What to do: Repeat only what runs from the line with "Omega Psi Phi" through the last line of the data below, both included, keeping every word as it is and leaving out the pictures.

Supplied data:

◇ ◇ ◇

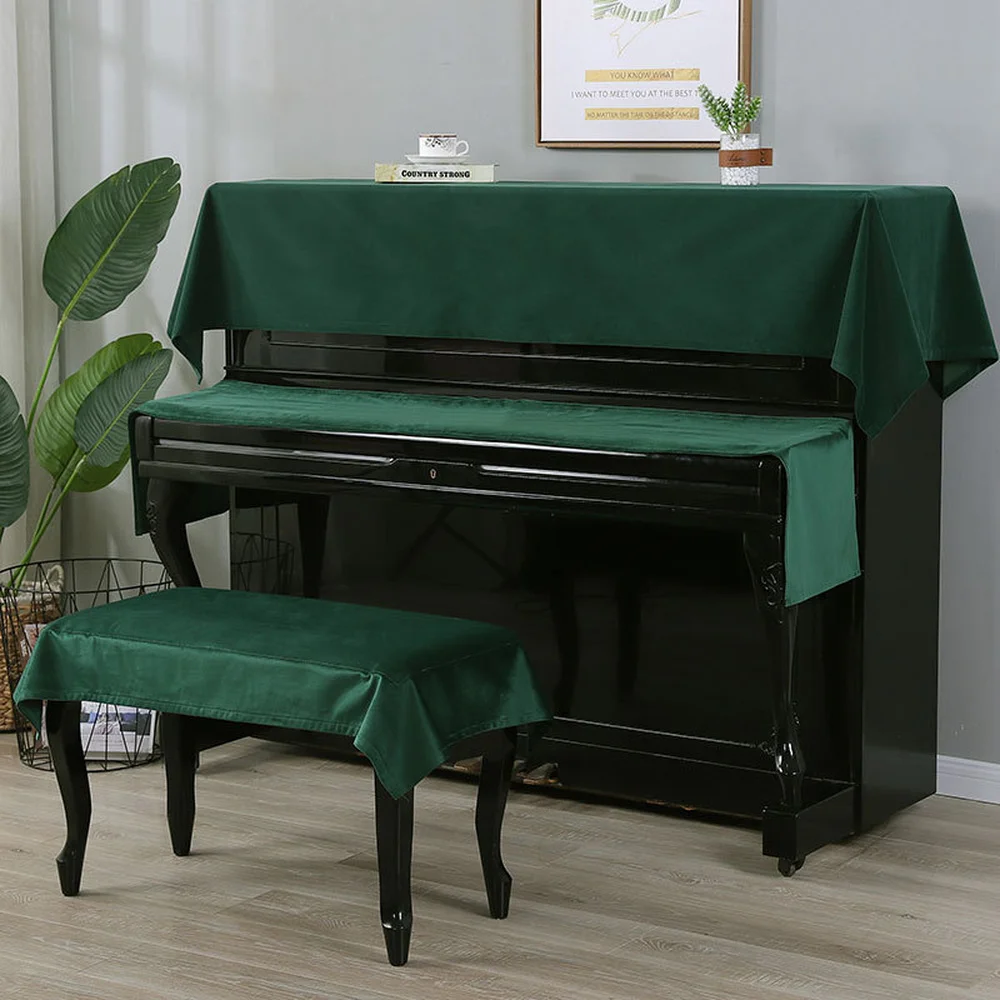 

Velvet Half Piano Cover with Stool Cover Style Contains Romantic Natural European Dust-Proof Keyboard Piano Covers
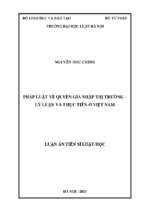 Pháp luật về quyền gia nhập thị trường – lý luận và thực tiễn ở việt nam the law on the right to market entry   theory and practice in vietnam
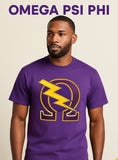Omega Psi Phi - Heavy Weight Big Stitch Embroidered Short Sleeve Shirt, Dagreekspot Original Collection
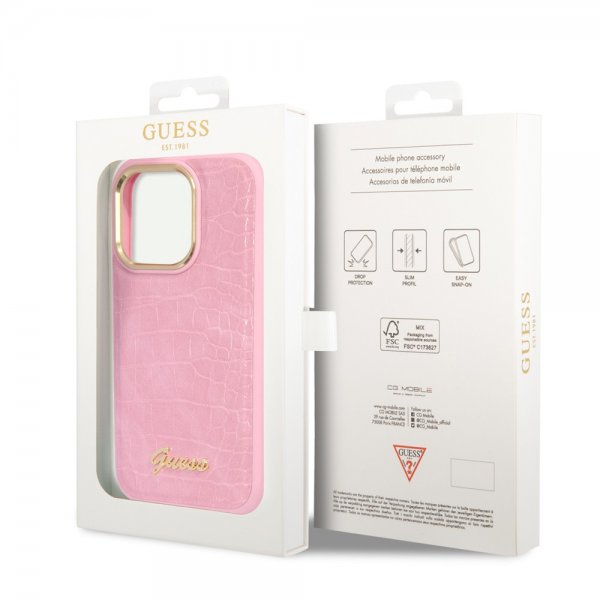 Guess iPhone 14 Pro Skal Croco Rosa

◇ ◇ ◇

Task answer:
Omega Psi Phi - Heavy Weight Big Stitch Embroidered Short Sleeve Shirt, Dagreekspot Original Collection
 Guess iPhone 14 Pro Skal Croco Rosa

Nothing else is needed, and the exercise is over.